Jaime, Jaime Rittwagen, es uno de
esos ángeles que a Dios le salió un poco grande y lo echó a la calle para que
fuese repartiendo sonrisas, como las nubes de otoño reparten gotas de agua, los jazmines perfume al anochecer y los trigos
espigas en mayo…
Jaime, un día de no sabemos
cuándo, se entretuvo en tomar la paleta y mezcló los colores como los
niños - porque a veces, Jaime, saca toda
la alegría que los niños llevan dentro - y dejó pinceladas sueltas, que luego unidas,
se convertían en cuadros naïf donde la realidad de cada día tomaba el pulso
constante de la vida.
Buscó respuesta a aquellos versos
de su amigo Manolo: “Vine a la mar dudando si estaría / donde yo la dejé: junto
a la raya / donde la espuma eventual acalla / su antigua discusión con la
bahía”…, y entonces él, que también es hombre de calle, no se fue a buscar la
mar, sino la Plaza de la Merced y se la llevó de la vida, al cuadro.

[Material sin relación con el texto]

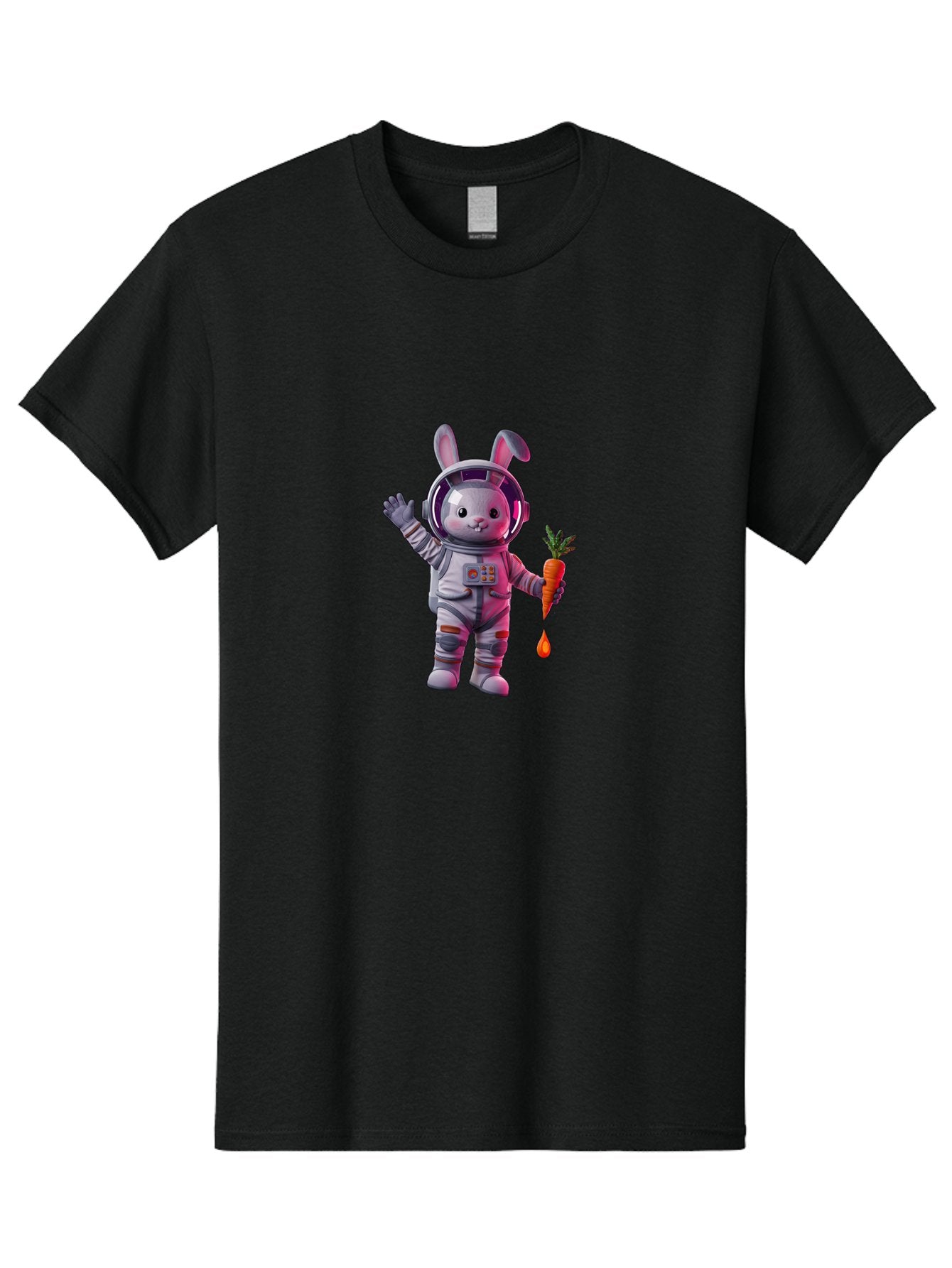 Astronaut-Bunny-18 Men'S Graphic Tee, 100% Cotton, Comfortable Casual Summer Wear, Machine Washable, Vintage Camera, Old Camera, Antique Camera, Black Camera, Classic Photography, Photography Equipment, Nostalgic Device, Film Camera, Bah459 7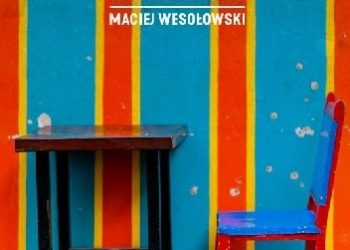 Maciej Wesołowski – Cafe Macondo. Reportaże z Kolumbii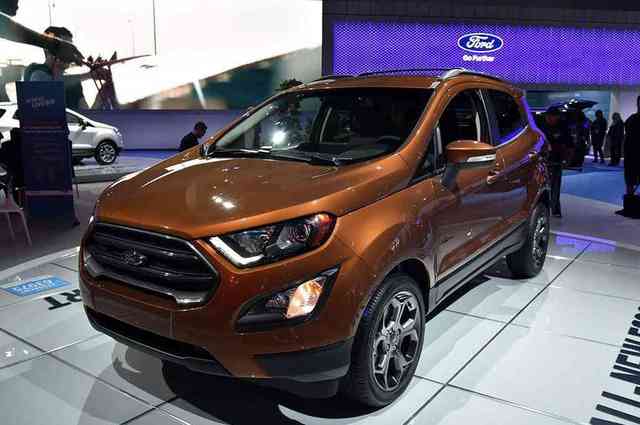 انخفاضات في أسعار فورد في مصر حتى 50 ألف جنيه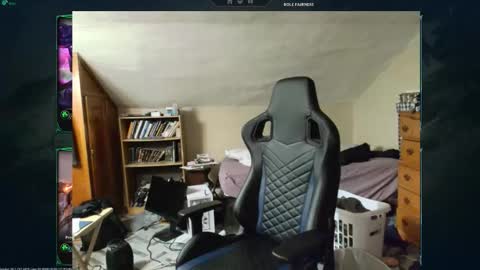 Snapshot of iamtommyparker chatting on 01/15/26, 06:29 iamtommyparker online show from 01/15/26, 06:29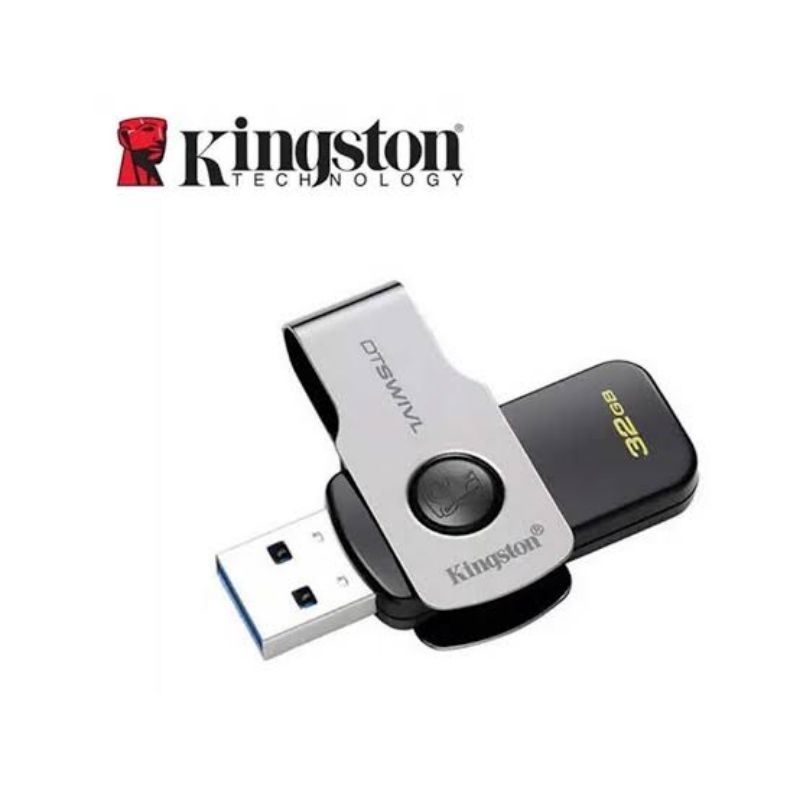 flashdisk kingston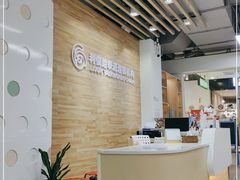 -利俊跆拳道(市二宫直营馆)
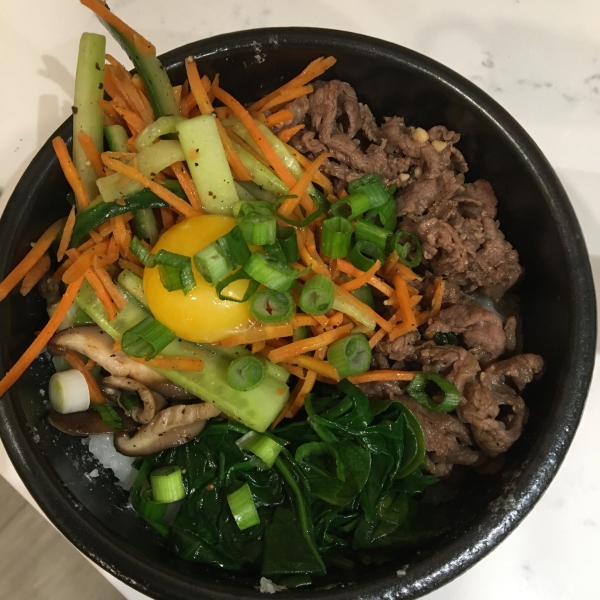 Dol Sot Bi Bim Bap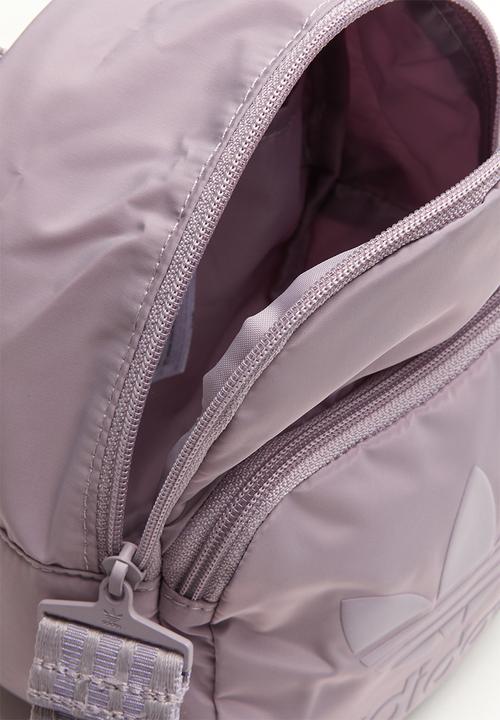 adidas Originals - Backpack xs - purple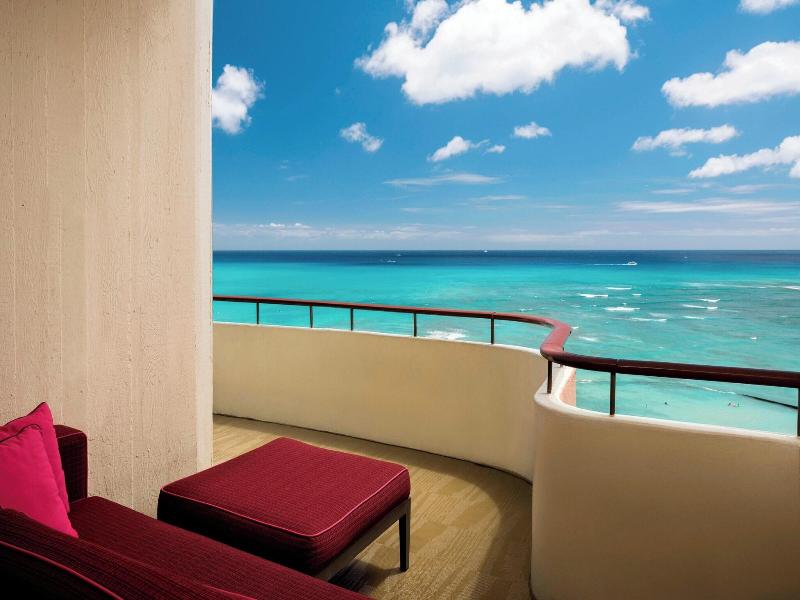 Royal Hawaiian image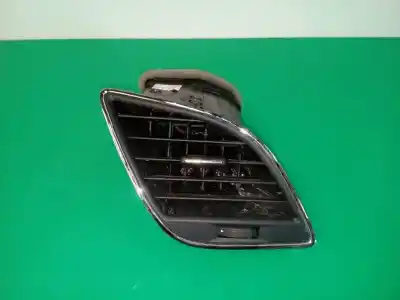 Peça sobressalente para automóvel em segunda mão grelha / difusor de ar por seat leon (5f1) 1.2 tsi referências oem iam 5f1820902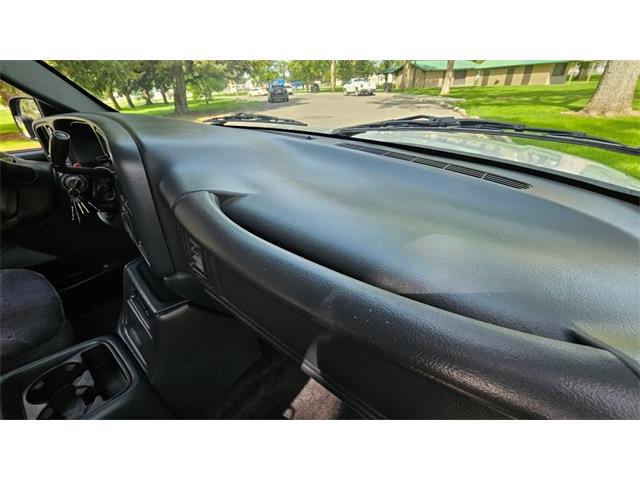 2002 GMC Sierra 1500 (CC-2101001) for sale in Billings, Montana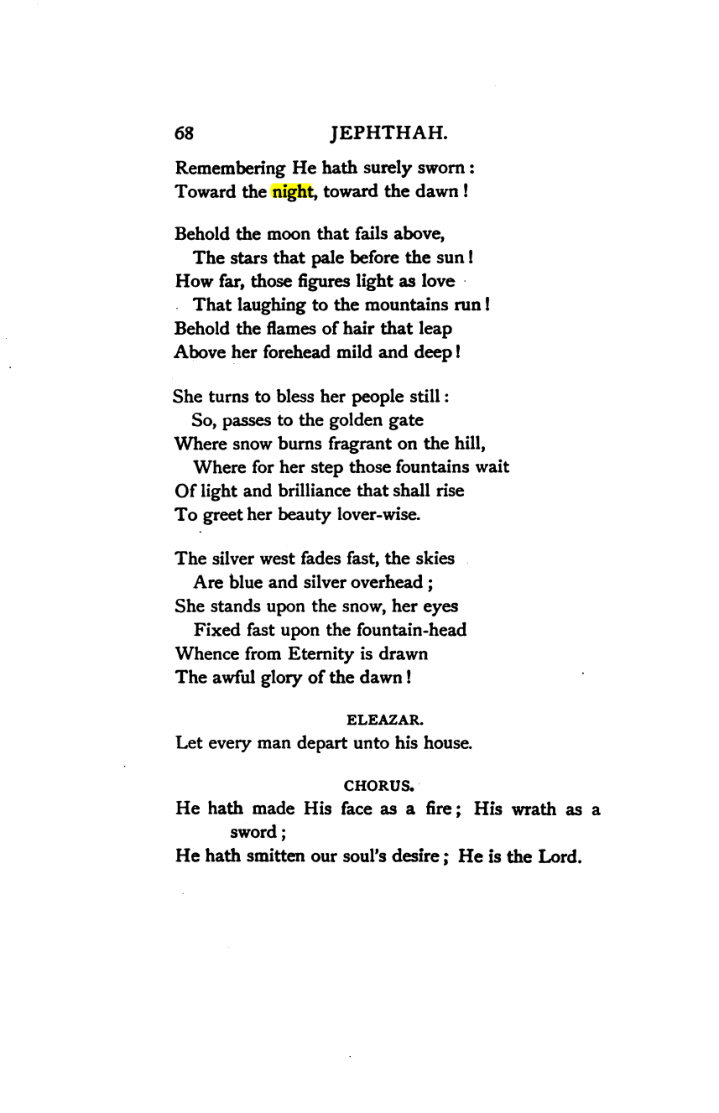 Original scan of Jephthah, PDF page 72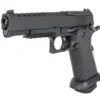 Pistolet ASG ICS Hi-Capa Challenger REVO.II Green Gas wersja polimerowa OD-G-ICS-02-043538-00 asgbox.pl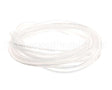 11707.1002 Bunn Tube,Silicone-.25Id X 120.0Lg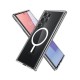 Θήκη Spigen Liquid Crystal MagSafe Διάφανη για Samsung Galaxy S24 Ultra Θήκη Spigen Liquid Crystal MagSafe Διάφανη για Samsung Galaxy S24 Ultra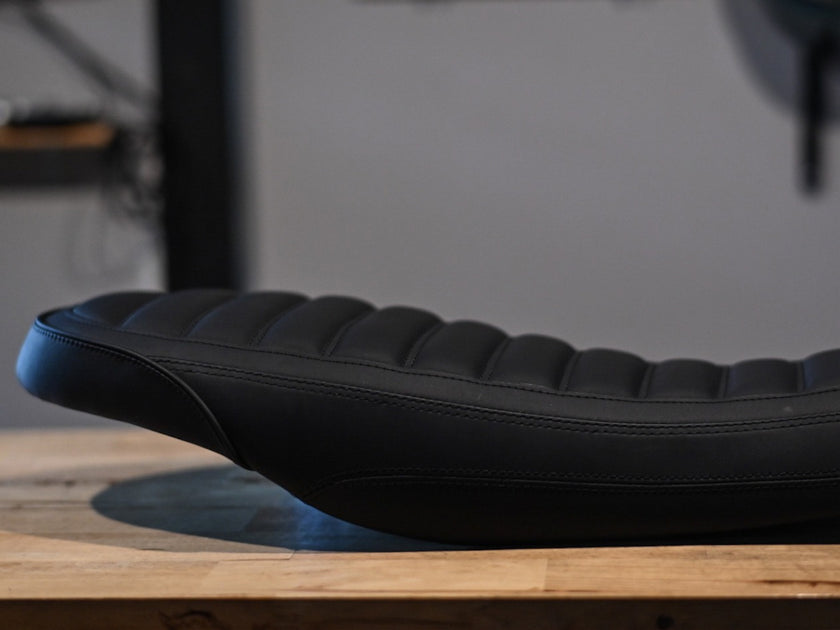 Mugello - Original Slim Seat | For Ducati Scrambler 803 & Sixty2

Y tomó una de esas tardes en las
que el verano se remolonea en Málaga y la gente derrama bullicio y algarabía… y la plaza se hacía
vida en el coche de caballos, en las bicis y en los carros, en el utilitario
amarillo, en los niños que jugaban, en la señora de rojo con bolso nuevo, y en el
perro vagabundo que también salía de paseo.
Y fue cuando echó mano, otra vez,
a los versos del poeta amigo y como Alcántara, que había espurreado su niñez un
poco más arriba, en la calle del Agua, donde la Virgen de Gracia ‘era su vecina
de enfrente’, fue y nos contó que: “Por
los tejados del pueblo / anda la brisa marina, / con los pies de sal y
silencio”.
Plaza de la Merced, de cielo
dorado en otoño, ese dorado que solo tiene Málaga cuando el sol juega a irse
por detrás de la Sierra de Mijas, que se empina para que el reloj de la catedral juegue al
escondite entre las ramas de los árboles…
Por la bahía, a lo lejos, unos
barcos grandes cruzan un mar azul de
sirenas y delfines, cargados en su interior de la bonhomía y sensibilidad con
la que Jaime Rittwagen nos atrapa en sus cuadros únicos, reales y profundos.